Not in my graduate school experience. Presenting was often viewed as "display
my research while I read from my research".

------
jrauser
For scientific/technical talks specifically, a truly useful technique I
learned from The Craft of Scientific Presentations[1] is the assertion-
evidence slide.

This type of slide has a complete sentence at the top that makes a substantive
assertion. Then the rest of the slide contains evidence for that assertion
usually in the form of a diagram, chart or table. This type of slide is the
backbone of a scientific presentation.

Generally, Alley's book is extremely useful.

[1]: [https://www.amazon.com/Craft-Scientific-Presentations-
Critic...](https://www.amazon.com/Craft-Scientific-Presentations-Critical-
Succeed/dp/1441982787)

------
kkylin
All good points, but there are a couple mistakes I often see people (not just
beginners) make that did not get mentioned:

1\. State the problem (and convince the audience it matters) before rushing to
present a solution.

2\. Know the background of your audience, and figure out how well they need to
know the background to get something out of your talk.

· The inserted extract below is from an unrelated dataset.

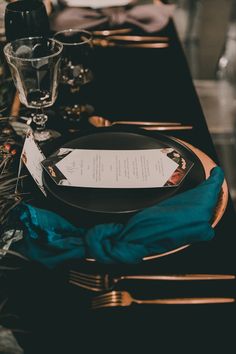 a table set with black plates and silverware, blue napkins and wine glasses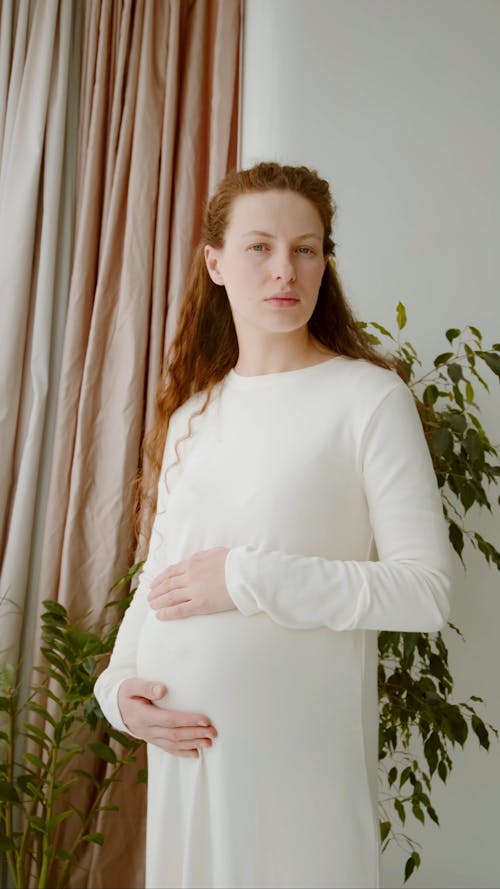 A Pregnant Woman Holding Her Baby Bump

And to the grad students: sometimes, when one only has 10-15 minutes to give a
talk, it is hard to give one that makes sense to junior members of the
audience and still speak to the experts. Don't give up! and don't be shy about
asking speakers questions afterwards. Sure, there are some people who think
they are too important to talk to grad students (or even faculty) they don't
know. The worst you get from asking such people a questions is you get brushed
off (don't worry, they're not likely to remember who you are, and it's not
likely to have a negative impact on your career). But more often people are
happy to go into details, and/or put you in touch with the postdoc / grad
student who knows all the gory details, etc. etc.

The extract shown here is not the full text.